Al pedir “No nos dejes caer en la tentación”, pedimos a Dios que no nos permita tomar el camino que conduce al pecado. Esta petición implora el espíritu de discernimiento y de fuerza; solicita la gracia de la vigilancia y la perseverancia final.

Al pedir “Y líbranos del mal”, pedimos a Dios, con la Iglesia, que manifieste la victoria, ya conquistada por Cristo, sobre “el príncipe de este mundo”, sobre Satanás, el ángel que se opone personalmente a Dios y a su plan de salvación. Pedimos también que seamos liberados de todos los males, presentes, pasados y futuros, de los que el Maligno es autor o instigador.

El “Amén” final del Padre Nuestro significa nuestro “fiat”, “hágase”, es decir, cúmplanse las siete peticiones: “Así sea”.

III. EL TESTIMONIO CRISTIANO

«La oración dominical es la más perfecta de las Oraciones. En ella, no sólo pedimos todo lo que podemos desear con rectitud, sino además según el orden en que conviene desearlo. De modo que esta oración no sólo nos enseña a pedir, sino que también forma toda nuestra afectividad» (Santo Tomás de Aquino).

«La oración dominical es, en verdad, el resumen de todo el Evangelio. Por tanto, cada uno puede dirigir al cielo diversas oraciones según sus necesidades, pero comenzando siempre por la oración del Señor, que sigue siendo la oración fundamental» (Tertuliano).

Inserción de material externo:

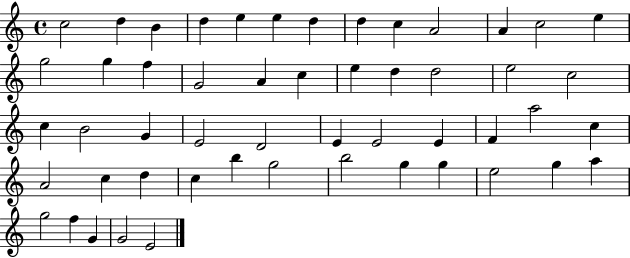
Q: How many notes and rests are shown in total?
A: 52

«Recorred todas las oraciones que hay en las Escrituras, y no creo que podáis encontrar algo que no esté incluido en la oración dominical» (S. Agustín).

IV. LA ORACIÓN CRISTIANA

Padre nuestro,
padre de todos,
líbrame del orgullo
de estar solo

No vengo a la soledad
cuando vengo a la oración,
pues sé que, estando contigo,
con mis hermanos estoy;
y sé, estando con ellos,
tú estás en medio, Señor

No he venido a refugiarme
dentro de tu torreón,
como quien huye a un exilio
de aristocracia interior.
Pues vine huyendo del ruido,
pero de los hombres no

Allí donde va un cristiano
no hay soledad, sino amor,
pues lleva toda la Iglesia
dentro de su corazón.
Y dice siempre «nosotros»,
incluso si dice «yo».

Amén.

7 de julio de 2019: DOMINGO XIV ORDINARIO “C”


«Llamados a evangelizar»

Is 66, 10-14: Yo haré derivar hacia ella, como un río, la paz
Sal 65, 1–20: Aclamad al Señor, tierra entera
Ga 6, 14-18: Yo llevo en mi cuerpo las marcas de Jesús
Lc 10, 1-12, 17-20: Como corderos en medio de lobos. Vuestra paz descansará sobre ellos

I. LA PALABRA DE DIOS

En la primera lectura escuchamos una profecía que proyecta, ante una dura realidad, una luz de entusiasmo, fe y esperanza basada en la seguridad de la cercanía de Dios con su pueblo.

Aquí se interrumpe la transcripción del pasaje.